Slic x octogon // Half moon

You’re entirely self taught.  How did you gradually work towards your sense of sonic expressionism that makes up the Slic project?  How much does aesthetic lend itself to fully understanding the ethos and entirety of an artist’s identity?  

I am self taught but I’m also learning from my friends and collaborators all the time. I think finding people who get you is just as important as chasing down a sound. There are a lot of components in my work that are about sound design or where I have to understand some synth technically, but I always have to have a moment where I can throw my brain away and just work with what it feels like. Aesthetic to me just means the art is a part of life, people listen to songs on their commute to work or at their birthday party. Why would you play my song and not something else? It’s because you’re trying to be in the same atmosphere as I was when I made it.
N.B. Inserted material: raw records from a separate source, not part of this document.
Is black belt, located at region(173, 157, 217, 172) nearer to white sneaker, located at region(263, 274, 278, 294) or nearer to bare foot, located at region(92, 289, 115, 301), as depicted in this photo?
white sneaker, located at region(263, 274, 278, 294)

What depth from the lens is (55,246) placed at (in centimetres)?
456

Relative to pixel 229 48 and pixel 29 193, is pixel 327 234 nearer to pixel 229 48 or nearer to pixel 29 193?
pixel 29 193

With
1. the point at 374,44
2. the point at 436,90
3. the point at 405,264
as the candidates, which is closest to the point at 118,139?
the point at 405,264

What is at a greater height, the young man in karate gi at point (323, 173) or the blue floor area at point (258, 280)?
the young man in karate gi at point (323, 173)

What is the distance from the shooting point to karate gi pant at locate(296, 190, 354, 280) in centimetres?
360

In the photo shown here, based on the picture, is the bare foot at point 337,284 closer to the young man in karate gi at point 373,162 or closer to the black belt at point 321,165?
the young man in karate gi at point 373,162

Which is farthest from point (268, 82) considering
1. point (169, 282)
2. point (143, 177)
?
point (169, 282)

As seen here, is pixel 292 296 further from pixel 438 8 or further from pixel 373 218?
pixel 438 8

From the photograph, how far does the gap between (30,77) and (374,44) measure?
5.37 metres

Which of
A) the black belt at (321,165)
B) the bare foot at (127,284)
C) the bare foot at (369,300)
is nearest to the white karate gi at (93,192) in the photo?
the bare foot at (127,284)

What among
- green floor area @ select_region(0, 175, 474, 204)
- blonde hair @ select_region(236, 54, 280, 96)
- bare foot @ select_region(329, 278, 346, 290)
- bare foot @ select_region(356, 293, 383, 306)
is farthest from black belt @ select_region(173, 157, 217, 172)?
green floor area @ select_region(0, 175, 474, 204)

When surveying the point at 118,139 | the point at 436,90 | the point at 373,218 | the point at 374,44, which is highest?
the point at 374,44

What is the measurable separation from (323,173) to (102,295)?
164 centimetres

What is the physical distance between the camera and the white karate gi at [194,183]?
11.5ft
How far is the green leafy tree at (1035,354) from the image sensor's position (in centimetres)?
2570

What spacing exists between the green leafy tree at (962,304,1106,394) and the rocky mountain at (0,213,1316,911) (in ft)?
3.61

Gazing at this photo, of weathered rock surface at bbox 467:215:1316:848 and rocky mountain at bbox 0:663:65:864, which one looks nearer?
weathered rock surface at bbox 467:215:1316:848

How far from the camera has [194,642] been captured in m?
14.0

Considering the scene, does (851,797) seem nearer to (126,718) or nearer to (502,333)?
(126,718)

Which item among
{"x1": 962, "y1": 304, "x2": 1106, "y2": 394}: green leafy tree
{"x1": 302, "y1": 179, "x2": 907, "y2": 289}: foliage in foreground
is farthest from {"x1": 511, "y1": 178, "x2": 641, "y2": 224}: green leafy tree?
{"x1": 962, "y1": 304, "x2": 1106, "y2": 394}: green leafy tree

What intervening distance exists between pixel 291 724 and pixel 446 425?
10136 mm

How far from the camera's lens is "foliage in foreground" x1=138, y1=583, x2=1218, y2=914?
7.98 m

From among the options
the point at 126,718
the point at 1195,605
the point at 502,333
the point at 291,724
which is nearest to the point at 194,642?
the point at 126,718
You’re often found performing in DIY spaces and outside of gigs, you also teach both vocal coaching/production lessons as well as educating people about housing rights.  What does it mean to be a member of a community and how important is it to use your skill sets to uplift the places you participate in?

I only very recently started to think of my music project and gigs and work as organizing. For years I had this idea that the stuff that was political was happening separately, but like you said, I do tenant organzing which happens in my home and other people’s homes and, in New York City, where you live and how much you pay in rent affects every other aspect of your life. I recently realized that what I care about in terms of a having music “community” is the same as what I care about in other parts of my life. You look at the people around you who you can literally call on the phone or knock on their door and try to figure out what resources are already there for you to work with, and you try to keep those resources with your people instead of giving them to someone who is going to charge you rent. Many venues in New York City are just landlords at the end of the day, and there are a handful that operate differently and that I think are worth really supporting, like Honey’s in Brooklyn. Community to me means we can make jobs for each other that don’t suck, we can fight each other’s landlords so we don’t have to pay rent, we can teach each other what we know and keep resources circulating and actually experience some form of abundance in this capitalist hellscape <3 

slic x octogon
MIX

How did your link up / collab w/ fellow-NYCers OCTOGON happen?

I put a bill together with Griff Spex, Frost Children and myself at some point in 2021 (? everything is a blur) at Piano’s. This show stands out to me because (I’ll just speak about other people and not myself for a second) they are captivating performers. Lulu from Frost Children climbed up on the speaker that was hanging from the ceiling and Griff had the crowd actually hypnotized and chanting. OCTOGON was in the crowd and ended up then adding Griff Spex to their own album release show, which was a house party in Harlem. Then, when I saw Octogon perform, they did this incredible choreo where they were pretending to kill each other and climbing all over each other in heels and also singing these BEAUTIFUL songs. I came up to them after and told them that what they do is iconic and perfect and that I wanted to make music with them! And they were like, “when we saw you, we thought the same thing.” It was meant to be. I basically just sent them a track that I didn’t think would be as interesting if I wrote it all from one perspective as it could be with a couple different voices, and Half Moon was born.

Your music really plays up the dynamism of both open-ended nighttime / glitchy daydreams grounded with minimalistic production with an edge.  Does living in a large city influence the kind of environment your songs take shape in?  

I think yes……………… Because the city is so overwhelming sometimes and so hard, texturally. It’s all glass or crumbling bricks. And then you have a million possible interactions so in terms of narrative it does feel like anything can and does happen. 

Tell us more about the recording process/inspiration behind this new track!  

Recording was kind of a shitshow I’m not going to lie. We recorded at my house in Brooklyn with two little fucking dogs running around, at Regana’s house uptown, at Pirate studios…. As a producer, I just went for it and tried to push us to not second-guess what we were doing because from the very first demo, the verses that I got sent from OCTOGON were very strong. Everyone we play it for says that the song is like a journey. I think there is a lot of chaos in the track itself that leaks in from how it was made, but because there were four of us making decisions for the arrangement and how the song is going to play, we actually were very precise about what needs to go where. OCTOGON’s producer James is a sound design genius, Reyna is great at arranging and understanding composition, and Regana knows exactly what to do to make a song hit harder. OCTOGON really like a very big build and a drop, which I don’t always think about in my songs. I could have made the song 7 minutes long and really ambient. But ultimately we went for balance!

Any under the radar musical peers we need to know?  

I’m obsessed with this producer Chelsea from Portland. https://cehsae.bandcamp.com/ They made all the text on their Bandcamp unreadable and we are like, Instagram DM level friends but I know very little about them. I’m jealous because I’m so all about putting my face and whole life on social media. Griff Spex. Violet whose song is in the mix. I really love the artist OOMAN. They write some of the best lyrics in my opinion, check out their song Berlin!

What’s special about the mix you’ve made?

It’s like a sea creature is blasting music at you in a cave. Which, to me, matches Half Moon.